Gelman disagrees in the comments to his original post:
I think you're overthinking things here. In an election with two options, some people will think candidate A is better for the country, others will think candidate B is better. And of course others won't give a damn at all. If you prefer A or B, sure, if you're sane you'll realize you might be wrong, but your preference is still there in expectation. For example, maybe I'm pretty sure that A is better than B, but I think there's a 20% chance I'm wrong. That's like any decision problem: the existence of uncertainty does not imply indifference. Nowhere did I say that I know I'm right, and in a decision problem there's no need to assume certainty. Not at all.Let's reduce it entirely to disagreement about whether A or B is more likely to achieve our shared goal. That half the population disagrees with me (if I'm the pivotal voter) about which party is best requires that I place myself in an epistemically superior position relative to other voters in order to tally up these really big expected net benefit numbers. Suppose before I look at polling data, I figure that Party A will make the country per capita $100 better off relative to Party B. After I look at polling data, I see that half the population reckons $100 per capita net benefit of A and the other half says $100 per capita net benefit of B. I can only continue to maintain my position if I discount all the information in the other half's preferences. And I can only do that if I think I (and the folks on my side) am way better informed than the folks on the other side. And each voter will have to think that. They can't all be right.
Regarding heterogeneous preferences: most political issues are not like abortion where people have completely opposing goals. A vast majority of Americans want peace and prosperity, but people have different ideas about how to get there.
Finally, my argument applies to all voters who have a preference. Nobody is privileged, it's just that people disagree about who should represent them in public office. There's a disagreement so we have an election. And the same argument applies to any sort of political participation, including campaign contributions, letters to your congressmember, etc.

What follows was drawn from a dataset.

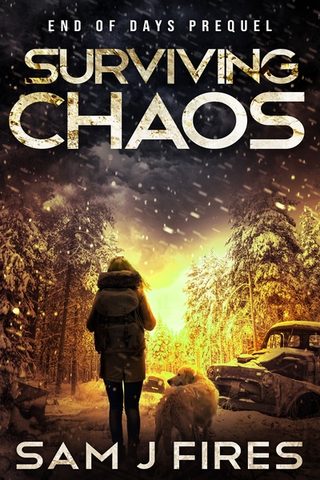 Cover of 'Surviving Chaos' - a woman and her dog in a post-apocalyptic wasteland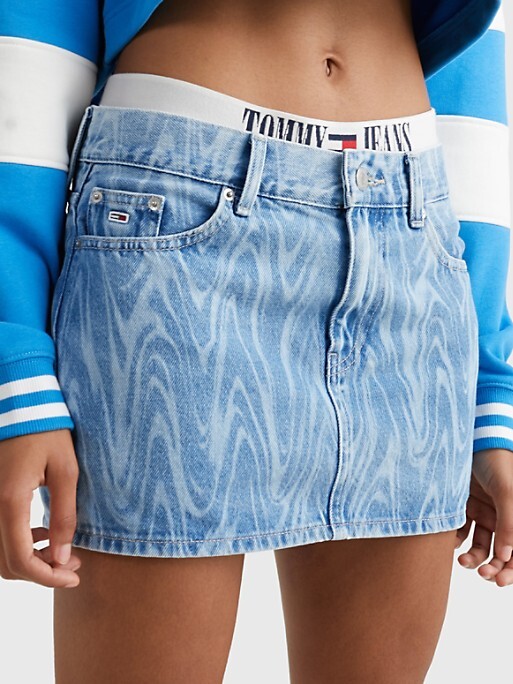 Tommy Jeans Laser-Faded Denim Micro Mini Skirt - ShopStyle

Suppose that I do reckon, rationally, that I'm in an epistemically superior position relative to the median voter. In that case, I should vote if I'm altruistic and have a decent enough chance of winning. But what if I see a whole pile of other smart people lined up on the other side? We're then back to the same problem again. I have to fail to update based on their beliefs if I want to estimate large per capita net benefits based on my choice. And I'm not sure such failure to update is consistent with rationality. There's a theorem about that. But that theory also says I shouldn't disagree with Andrew Gelman. I'll put it this way then: I agree with him that altruistic voters who do not update their beliefs based on observing others' vote preferences can vote rationally, if such failure to update is rational. But any updating based on observing other intelligent voters' disagreements about which choice is best ought to erode the expected net benefits of voting sufficiently to make such voting again a loser on a cost-benefit assessment - or at least no more rational than buying lotto tickets in hopes of being able to make a large charitable contribution.
I'll stick with my assessment of voters tendencies and my reasons for not voting.